Search code examples
rpermutationhypothesis-testpermute

Setting up a permutation design (using permute package)


The main question I have is how to create a permutation design for the following sampling design: Data was collected under a shrub and directly nearby, outside the shrub influence. We called this 'pair' (df$pair); Three different shrub species were chosen, and we expect that the response will vary for each shrub. For example, shrub 1 will increase the response variable while shrub 2 will not change and shrub 3 will decrease. (We are not interested whether the response changes among a specific condition among each shrub, such as a comparison between under shrub 1 vs outside shrub 2). I am not sure if I should include the shrub species (either shrub or condition_shrub) as a 'block' in the perm design or not.

The hypothesis is being tested through a multivariate glm using mvabund package.

Data for permutations is similar to this:

df <- data.frame(
  pair = rep(1:30, each = 2),
  condition = rep(c("under", "outside"), times = 10),
  shrub = rep(c("shrub1", "shurb2", "shrub3"), each = 20),
  condition_shrub = c(
    rep(c(rep("shrub1", 1), "outside"), times = 10),
    rep(c(rep("shrub2", 1), "outside"), times = 10),
    rep(c(rep("shrub3", 1), "outside"), times = 10)
  )
)

So far I came up with this solution, but I am not sure this is correct to test our hypothesis.

I started building a model like this:

model <- manyglm(response ~ shrub*pair,
  family = negative.binomial, data = df)

However, I realized that in this way I would up testing whether conditions within shrubs change among each other (such as condition under shrub 1 vc condition outside shrub 3).

So I come up with another model that seems to make more sense:

model <- manyglm(response ~ condition_shrub,
  family = negative.binomial, data = df).

In this way, I treated the outside condition as a factor level (along with all the three shrub species).

perm.ctrl <- how(
  within=Within(type="free"),
  plots  = Plots(strata = df$pair, type = "free"),
  blocks = df$shrub,
  nperm = 9999)

I understand that with this design the permutations are occurring always within each shrub type (and outside) and the paired structure is being preserved. Can someone guide me through this?

However, the way I see, I can ignore the paired sampling design and allow free permutations under this circumstance: 'condition_shrub', to test the hypothesis whether the response vary among each species and outside; that is, the response outside the shrubs will always be equal, but will change if under one of the shrubs.

Thanks in advance.


Solution

  • The thing you want to test is shrub so you need to permute the pair variable randomly. This will generate the null hypothesis of no effect of shrub because under this hypothesis it shouldn't matter if we mix pairs of observations from shrub1 with those of shrub2 or shrub3, and the value of shrub only varies at the pair level - it doesn't vary within a pair.

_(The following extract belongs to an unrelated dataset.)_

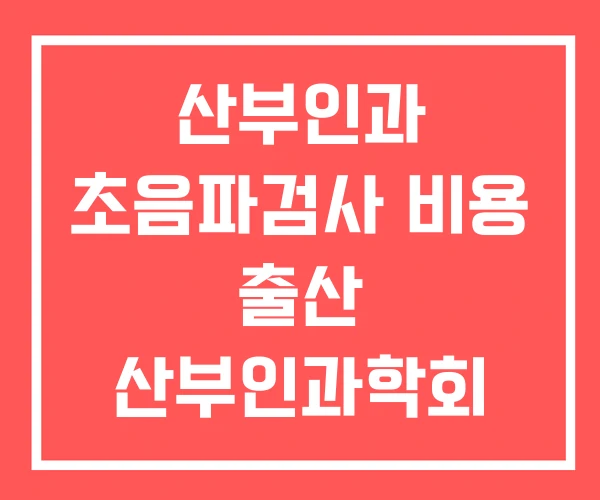산부인과 초음파검사 비용 출산 산부인과학회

So, to make this a valid test, we need to keep fixed (unpermuted) the samples for each pair (the under vs outside samples).

    So I think you need:

    model <- manyglm(response ~ shrub, family = negative.binomial, data = df)
    
    h <- with(
      df,
      how(
        within = Within(type = "none"),
        plots = Plots(strata = pair, type = "free"),
        nperm = 999
      )
    

    Because we are keeping the observations within each pair fixed, we don't include the variation due to under vs outside in the permutational distribution of the test statistics under H0.

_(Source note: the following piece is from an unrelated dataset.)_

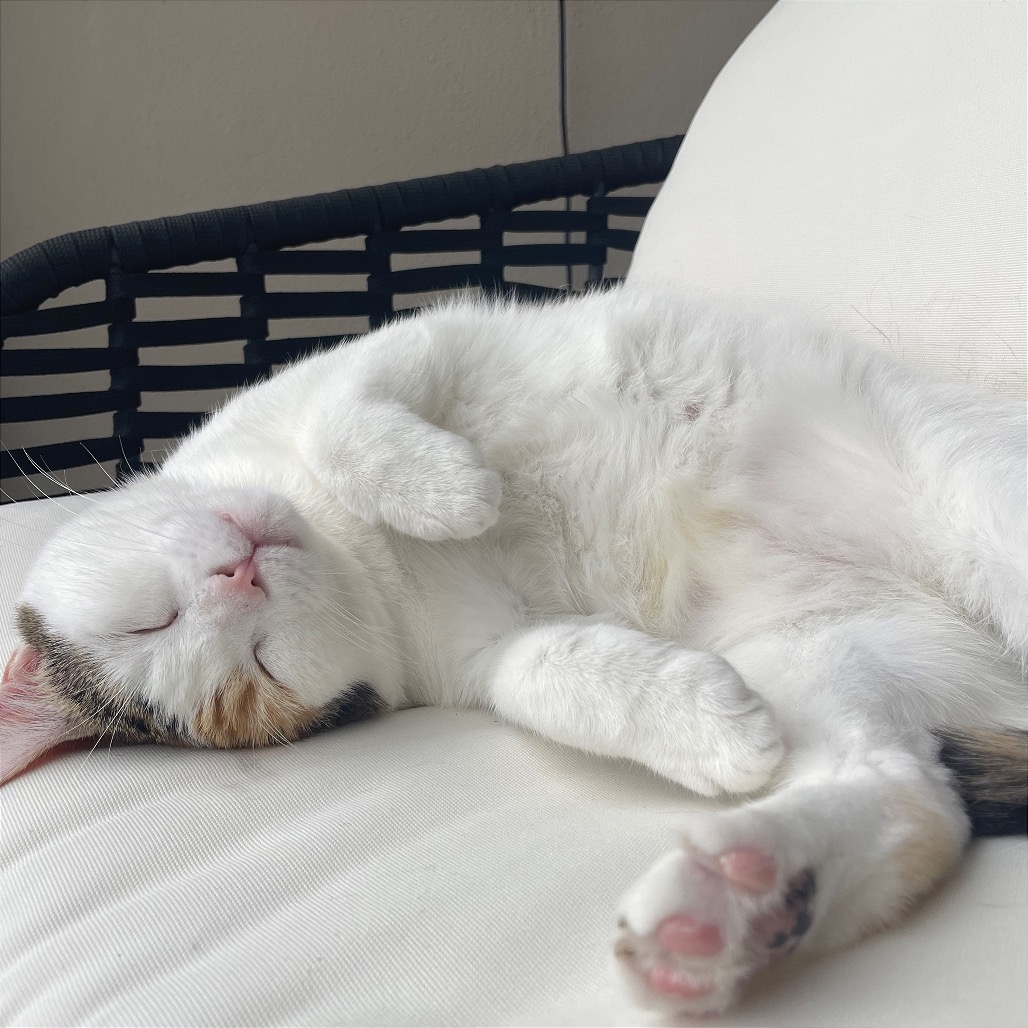 Close-up photo of Poppy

    Conversely, if you were interested in the comparison of under verse outside, you would only want to permute the samples within a pair, not between pairs. You would achieve this using:

    model <- manyglm(response ~ condition * shrub,
      family = negative.binomial, data = df)
    
    h <- with(
      df,
      how(
        within = Within(type = "free"),
        blocks = shrub, # not needed but won't hurt
        plots  = Plots(strata = pair, type = "none"),
        nperm  = 999
      )
    

    Here, we probably want to account for differences between shrubs and potentially different condition effects for each shrub, hence the model specification I used. Note also that I have blocked on shrub; in this case I don't think this is necessary because you have uniquely coded your pairs. If you had the pairs coded as pair1, pair2, ... pair10 only, such that we had pair1 for each of the shrubs, we would need to block on shrub to stop samples being swapped between shrubs, which isn't appropriate.